Poor field conditions that forced the cancellation of the U.S. Women’s National Team’s exhibition Sunday in Honolulu should not be a factor for the upcoming match against China in New Orleans, according to Mercedes-Benz Superdome General Manager Alan Freeman.
“We’re comfortable and ready to do what needs to be done,” Freeman said. “The folks from U.S. Soccer have made two site visits, and they have expressed no concerns about our turf.
“But we’re prepared to do whatever they ask us to do.”
More than 30,000 tickets have been sold for the Dec. 16 match that marks the end of the national team’s Victory Tour.
Sunday’s match against Trinidad & Tobago at Aloha Stadium in Honolulu was canceled after team members said they would not play because of the condition of the stadium’s artificial turf field.
Midfielder Megan Rapinoe suffered a torn anterior cruciate ligament during a practice session Friday on a grass practice field.
The players have had previous complaints about the conditions of the fields they play on compared to those for men’s matches.

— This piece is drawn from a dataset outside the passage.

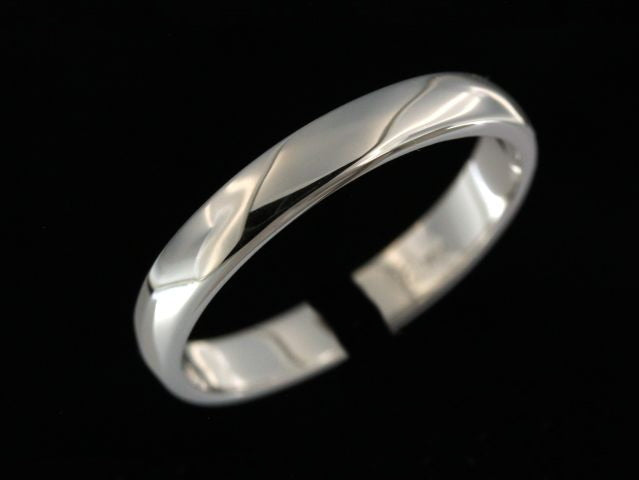 10KT 3.50 mm Domed Band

U.S. Soccer tested the Aloha Stadium turf Saturday before canceling the match.
Freeman said the Superdome turf, which is replaced every year, will be repainted after Saturday’s high school football state championship games.
The team will hold an open practice on the night before the match against China.
The field will be relined that weekend for the Dec. 19 R+L Carriers New Orleans Bowl. Stadium signage will be changed again for the Saints’ Monday night game against Detroit two days later.
The U.S. team will play Trinidad & Tobago on Thursday in San Antonio, and China next Sunday in Glendale, Arizona.